Treatment · Introduction
Therapeutic manoeuvres
Most positional vertigo can be cured at the bedside, in minutes, with the right repositioning manoeuvre for the right canal. This chapter is organised the way you treat — by canal — with a step-by-step animation for every manoeuvre.
Why repositioning works
Benign paroxysmal positional vertigo (BPPV) is the most common cause of vertigo. Tiny crystals — otoconia — that normally sit in the utricle come loose and fall into one of the balance canals of the inner ear. There they make the canal sensitive to gravity, so every time the head moves the room seems to spin for a few seconds.

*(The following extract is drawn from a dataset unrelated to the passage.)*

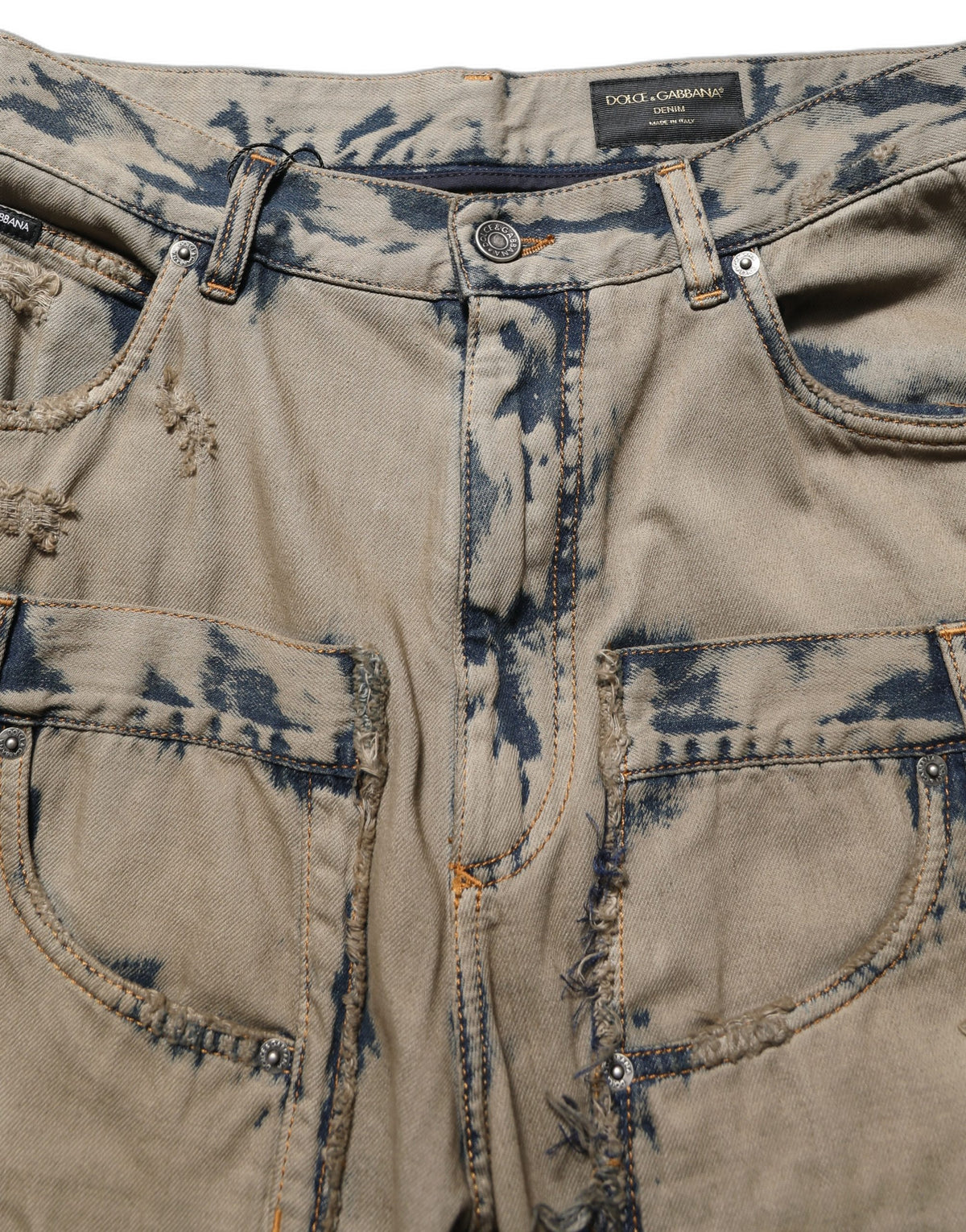 Dolce & Gabbana Men's Straight Leg Regular Fit Denim Cotton Jeans - Beige Signature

A repositioning manoeuvre is a careful sequence of head and body positions that uses gravity to roll those crystals back out of the canal to where they belong. Done correctly, it often stops the vertigo straight away.
BPPV affects 2–3% of people in their lifetime, more often women, with a peak between 50 and 70 years.1 Dislodged otoconia enter a semicircular canal and render it gravity-sensitive — the mechanism of canalithiasis (free-floating debris) or cupulolithiasis (debris adherent to the cupula).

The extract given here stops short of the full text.